Well, lets ease into it. We may think we go to the gardens to look at the plants, just as we may think that we go to the beach to look at the ocean. But if you watch what goes on at beaches, looking at the ocean is a small part of it not just because humans ultimately interest us more than anything, but also because the ocean can overwhelm and terrify if pondered for long. So, too, can the riotous diversity of the plant kingdom.
The Royal Botanic Garden (RBG) is not just a world-class arboretum; it is also one of the worlds great civic parks, and the only vast park close to the center of Sydney. This is where Sydney breathes.

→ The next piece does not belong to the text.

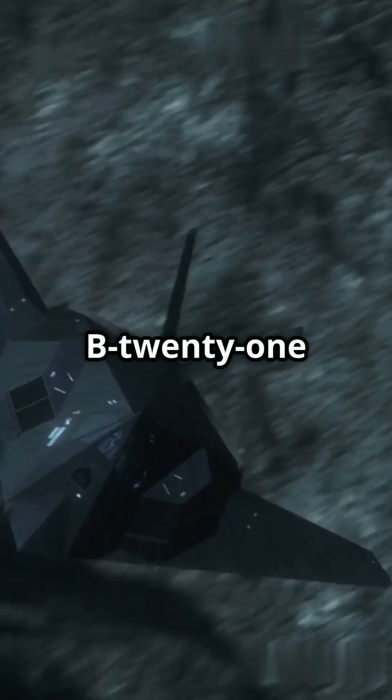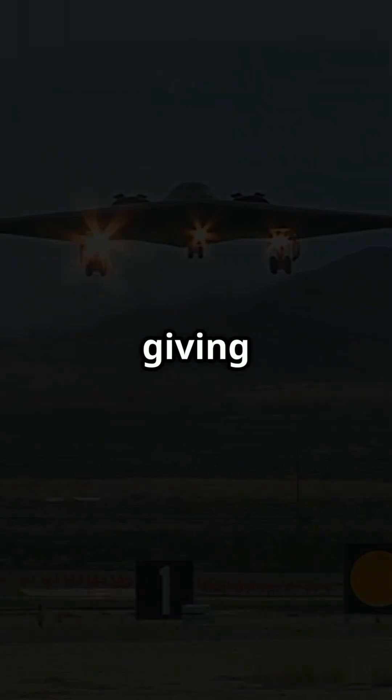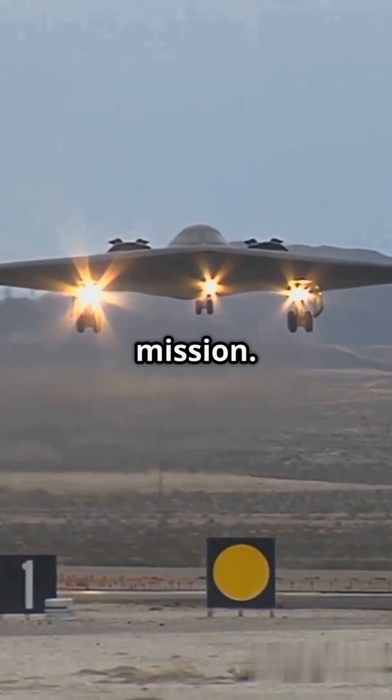Speaking of payloads, the B-21 is built to carry both nuclear and conventional weapons, giving it unmatched versatility for any mission.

The gardens occupy a U-shaped territory wrapped around both sides of Farm Cove -- site of the struggling farm that the first white settlers established here. On the west side of the cove, the gardens extend nearly to the end of Bennelong Point, ending right at the steps of the colossal Opera House. The east side of the cove is garden all the way to the end: Mrs. Macquaries Point, named for the wife of the relatively benign second governor of the colony, Lachlan Macquarie. No motor vehicles penetrate the gardens, so the waterfront of Farm Cove is a serene place to run, walk, breathe, be.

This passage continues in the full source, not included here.